【レンヌ】ブルターニュ唯一のネオ・クラシック様式の教会!サン・ピエール大聖堂(Cathédrale Saint-Pierre)
レンヌ旧市街へと向かうかつての玄関口モルドレーズ門を抜けると目の前に現れるのが、サン・ピエール大聖堂です。由緒正しき教会は、ブルターニュ公の即位式などが執り行われ、ブルターニュ公国の重要な歴史を見届けてきました。今回は、煌びやかな装飾に彩られたレンヌの象徴とも言うべきサン・ピエール大聖堂を紹介したいと思います。
◇ネオ・クラシック様式の傑作
サン・ピエール大聖堂の歴史は4世紀に遡り、1180年からはゴシック様式の教会へと再建されました。しかし15世紀に教会正面が崩れたことから、改修が開始されました。宗教戦争、資金難、建築家の変更など様々な理由が重なり、実に163年の月日を経た1704年にファサード(建物の外側正面部分)が完成しました。
外観はゴシック様式からクラシック様式へと変貌を遂げ、モン・サン・ミシェルの近くに浮かぶショゼー諸島から運び込まれた花崗岩の柱が44本も立ち並んだ荘厳な造りを特徴としています。
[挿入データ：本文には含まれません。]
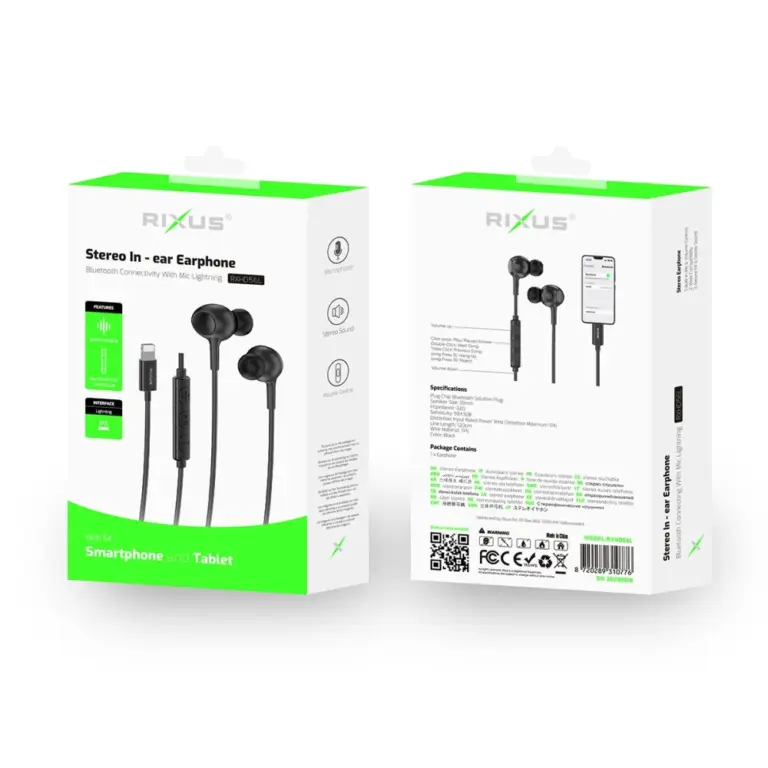 Rixus Lightning Wired Earbud Type Headphone With Microphone RXHD56L - Black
また、高さ50メートルにも達する2つの塔の間に置かれた円弧状の外壁には太陽王ルイ14世の大紋章が彫刻されており、他にも政治・宗教・軍事などの権力を表象した5つの紋章が彫られています。
◇ほぼ1世紀の期間を経て生まれ変わった司教座
18世紀に見事ファサードの改修を終えたサン・ピエール大聖堂でしたが、内部では石の崩落が見られるようになりました。こうした事態に対応するため、1754年にファサードを除く全面的な建て直しが決定。フランス革命の影響による工事の中断などを経て1844年に完成し、教会内は古代ローマ風のバジリカ式聖堂として生まれ変わりました。
工事中の司教座は、レンヌ市内のサン・ムレーヌ教会等に移されてその役目を果たしました。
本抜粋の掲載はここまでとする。